I didn’t know Opioids re-wire your brain chemistry to make it nearly impossible to quit on your own leading to the worst opioid withdrawal. I didn’t know pharmaceutical companies, in an attempt to make drugs like Opana less lethal, actually made them more lethal. I see the news stories every day. I read the statistics. I try to learn because I want to understand what happened to you. Why we lost you. Why you’re gone too soon.

I read the stories unfold every day on the news. I don’t see a “man in West Virginia”, detached from the world I live in. I see you. I don’t see a “middle age mom of four from Rhode Island”. I see you. I don’t see “Prince”. I see you. I don’t see statistics. I see you.

The toll of this epidemic and opioid withdrawal will now forever be deeply personal. I’m a part of this story. These are all brothers and sisters, sons and daughters, and mothers and fathers we are losing. I get that now.

When you left us. I tried turning to writing to help process my feelings. I tried finding a way to convey what it felt like to lose your Brother. How to articulate the permanent dance with grief that follows loss.

The best I could come up with was a notion of 99% fine.

Everything is fine, until it isn’t.
Grief comes suddenly, silently, completely. Washes over you. Stops you in your tracks. A hairpin trigger with no care for emotional well being. It selfishly consumes your present. Devouring your normal and leaving in its wake a renaissance of emotion and pain.
Grief doesn’t give a damn about your progress, your plan, or your “finding ways to move on”. Grief has its own plan, its own schedule, and you’re on its clock.
You will move forward.

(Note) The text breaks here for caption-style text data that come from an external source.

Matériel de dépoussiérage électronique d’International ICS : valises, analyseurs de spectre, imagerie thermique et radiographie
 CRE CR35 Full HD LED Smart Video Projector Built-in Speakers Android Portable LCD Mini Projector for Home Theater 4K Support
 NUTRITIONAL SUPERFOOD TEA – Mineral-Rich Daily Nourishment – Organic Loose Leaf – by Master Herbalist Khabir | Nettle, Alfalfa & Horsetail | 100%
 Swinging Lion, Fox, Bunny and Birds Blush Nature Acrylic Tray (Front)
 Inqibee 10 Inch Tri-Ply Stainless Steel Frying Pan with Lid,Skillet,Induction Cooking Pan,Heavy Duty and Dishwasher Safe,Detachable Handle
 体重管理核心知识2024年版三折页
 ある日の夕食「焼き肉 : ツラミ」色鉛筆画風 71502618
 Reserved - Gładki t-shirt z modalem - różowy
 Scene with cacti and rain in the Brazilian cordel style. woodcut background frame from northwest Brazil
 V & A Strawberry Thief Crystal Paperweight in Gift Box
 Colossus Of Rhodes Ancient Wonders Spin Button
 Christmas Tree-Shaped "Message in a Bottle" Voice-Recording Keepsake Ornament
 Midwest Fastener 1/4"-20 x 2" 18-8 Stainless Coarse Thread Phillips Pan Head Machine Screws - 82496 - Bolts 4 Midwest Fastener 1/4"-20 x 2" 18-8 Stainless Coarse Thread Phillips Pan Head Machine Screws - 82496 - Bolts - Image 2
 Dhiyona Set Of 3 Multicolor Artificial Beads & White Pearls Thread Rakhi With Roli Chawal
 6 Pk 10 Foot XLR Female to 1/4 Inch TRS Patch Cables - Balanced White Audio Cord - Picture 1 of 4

You’ll pick up the pieces. You will get over opioid withdrawal. You’ll be brave. Grief doesn’t care.
Your heart will mend. You daily routines re-established. Yet your normalcy will never completely return to “normal”. Your life will go on. Your life will never be the same.
You’re 99% fine.

I miss you. I love you. I know in time, your birthday will mean celebrating your life rather than mourning your death. You will always be my Big Brother.